• [Exercise details]: Below are records; the lines starting at the one with "膜結構建筑如何做到有效隔熱？選用材料時應注意哪些事項？" and ending at the one with "NEW 67mm 63mm" must be reproduced exactly, both included. Pictures must not appear.
[Start of Attachment]
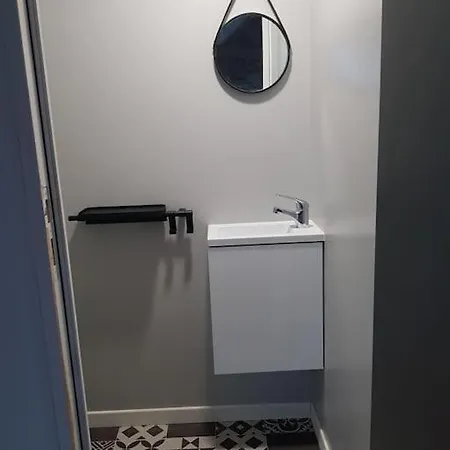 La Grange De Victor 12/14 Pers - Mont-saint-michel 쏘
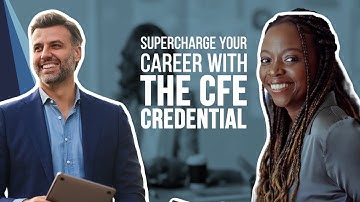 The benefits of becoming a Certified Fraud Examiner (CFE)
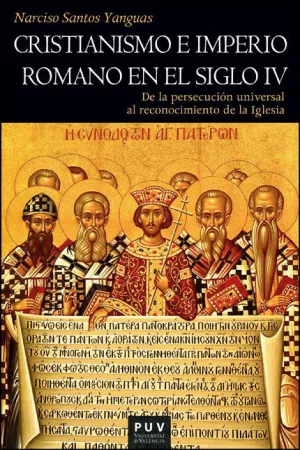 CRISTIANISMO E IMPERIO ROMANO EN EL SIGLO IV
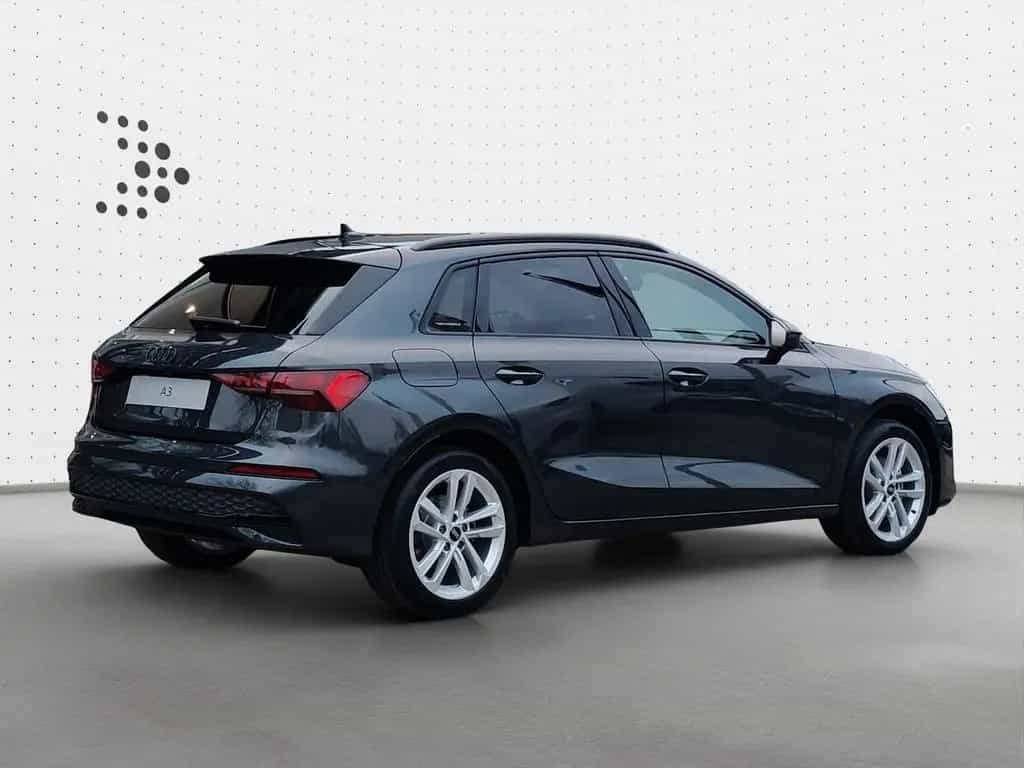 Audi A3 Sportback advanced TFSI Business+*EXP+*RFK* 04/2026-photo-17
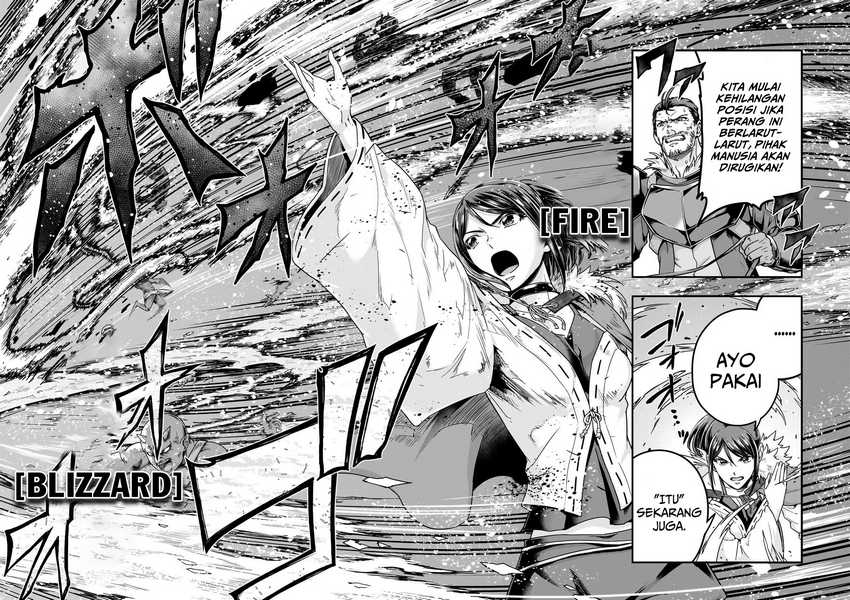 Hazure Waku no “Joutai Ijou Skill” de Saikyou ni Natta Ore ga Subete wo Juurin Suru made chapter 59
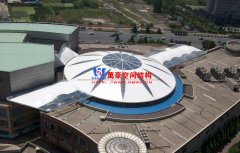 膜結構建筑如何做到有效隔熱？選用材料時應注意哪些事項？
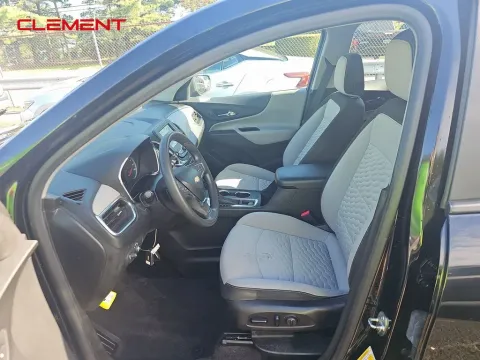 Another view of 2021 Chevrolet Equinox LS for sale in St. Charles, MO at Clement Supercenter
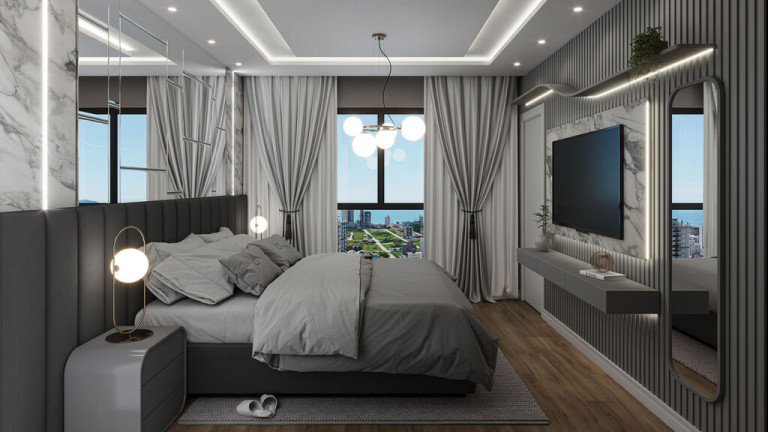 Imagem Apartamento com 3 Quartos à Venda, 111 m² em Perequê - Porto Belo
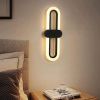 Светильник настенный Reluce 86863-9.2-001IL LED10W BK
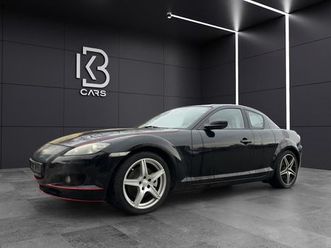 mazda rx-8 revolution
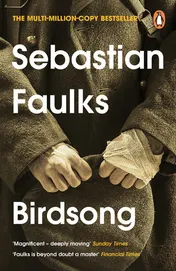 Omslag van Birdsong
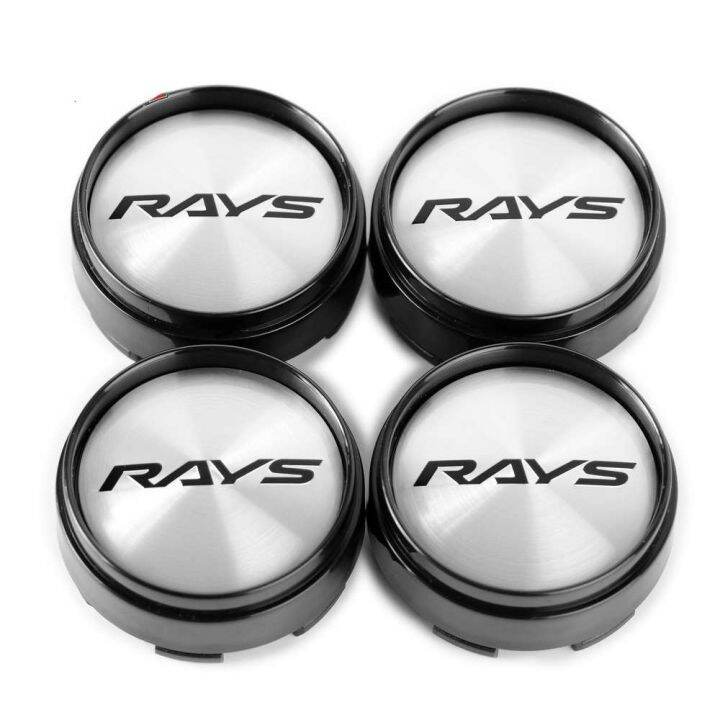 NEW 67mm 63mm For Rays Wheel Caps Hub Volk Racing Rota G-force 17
[End of Attachment]
[Start of Attachment]
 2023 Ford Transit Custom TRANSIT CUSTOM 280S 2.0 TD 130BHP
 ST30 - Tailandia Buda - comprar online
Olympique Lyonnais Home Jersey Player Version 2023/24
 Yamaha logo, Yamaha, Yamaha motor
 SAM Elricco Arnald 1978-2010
[End of Attachment]
• [Response below]:
 膜結構建筑如何做到有效隔熱？選用材料時應注意哪些事項？
 Another view of 2021 Chevrolet Equinox LS for sale in St. Charles, MO at Clement Supercenter
 Imagem Apartamento com 3 Quartos à Venda, 111 m² em Perequê - Porto Belo
 Светильник настенный Reluce 86863-9.2-001IL LED10W BK
 mazda rx-8 revolution
 Omslag van Birdsong
 NEW 67mm 63mm For Rays Wheel Caps Hub Volk Racing Rota G-force 17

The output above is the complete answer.